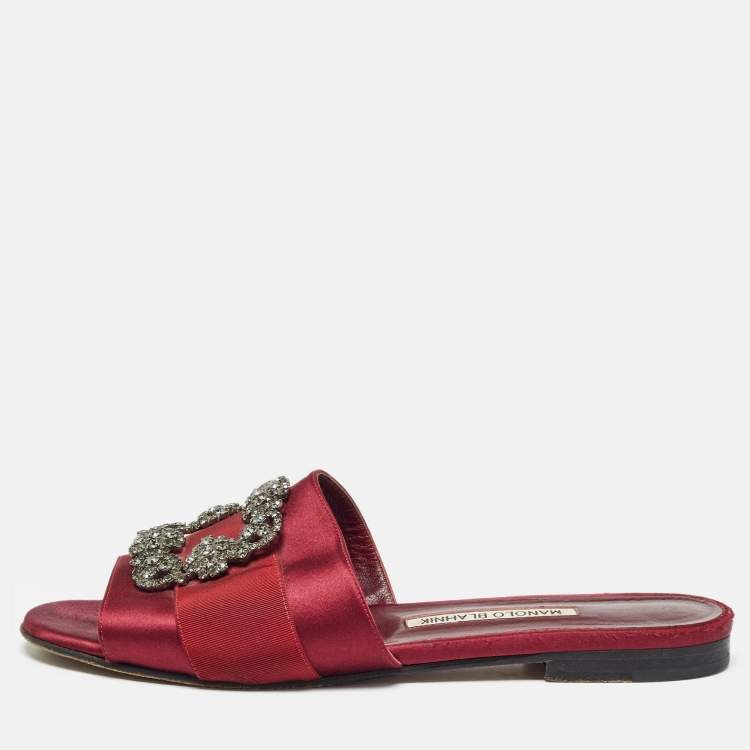 Pre Owned Manolo Blahnik Burgundy Satin Martamod Flat Slides Size 40.5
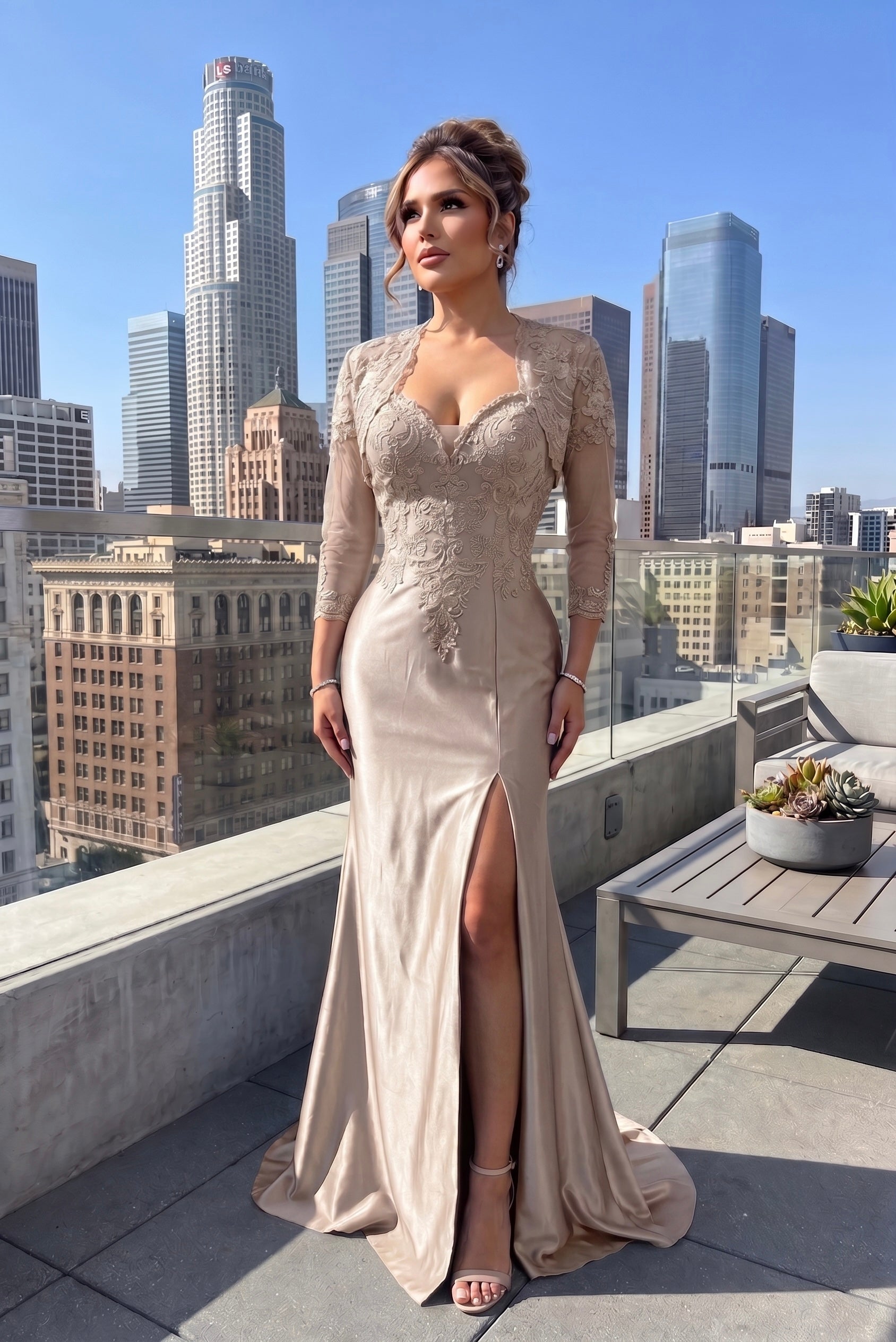Viviana Sweetheart Embroidered Formal Gown With Jacket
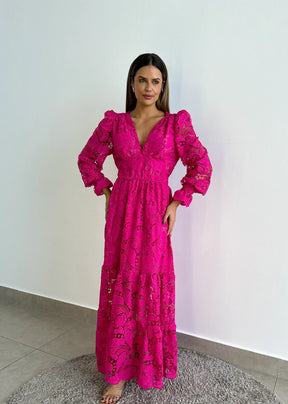 Vestido Glória Longo de Renda Manga bufante Pink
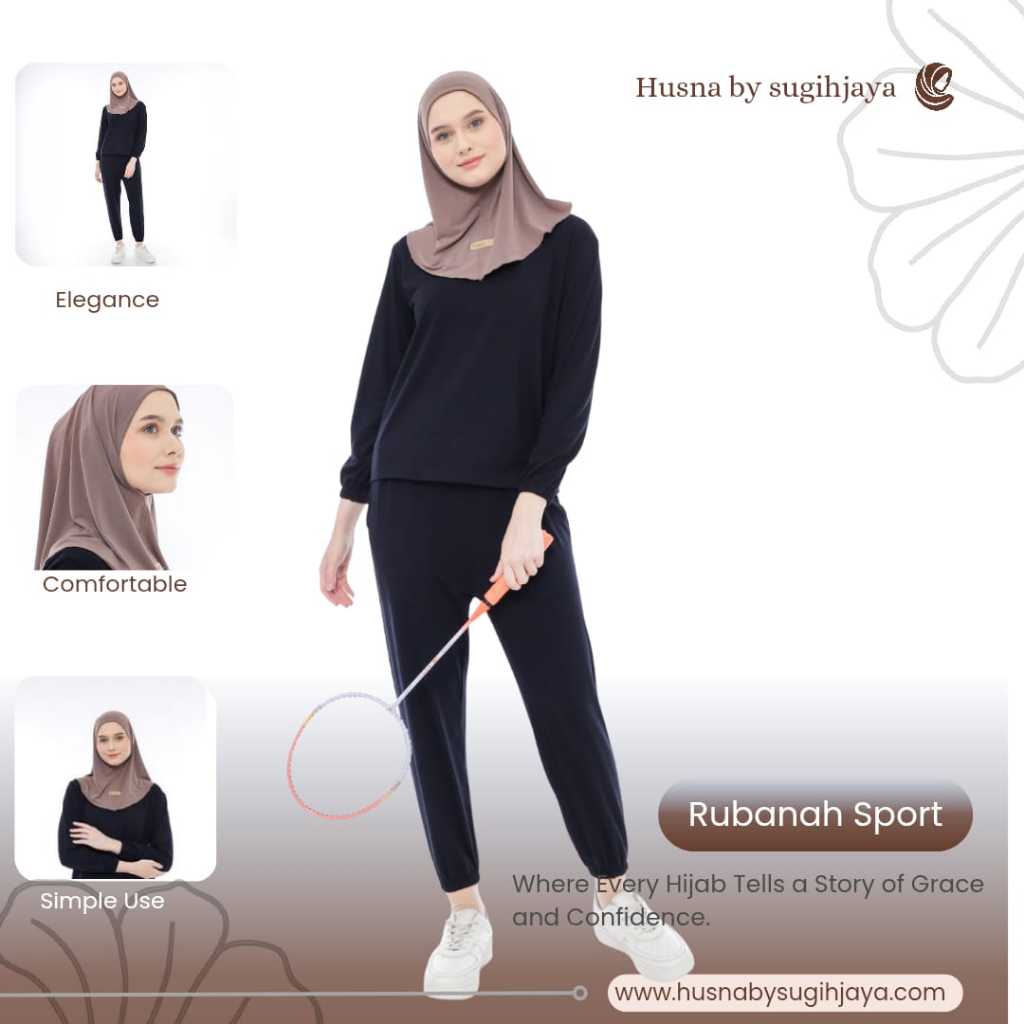 Hijab Sport Rubanah Kerudung Olahraga Dewasa All Size Non Pad Husna Jersey Premium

### [What is being asked]
Please print the listing above again word for word, without its pictures.

### [Exercise response]
 Pre Owned Manolo Blahnik Burgundy Satin Martamod Flat Slides Size 40.5
Viviana Sweetheart Embroidered Formal Gown With Jacket
 Vestido Glória Longo de Renda Manga bufante Pink
 Hijab Sport Rubanah Kerudung Olahraga Dewasa All Size Non Pad Husna Jersey Premium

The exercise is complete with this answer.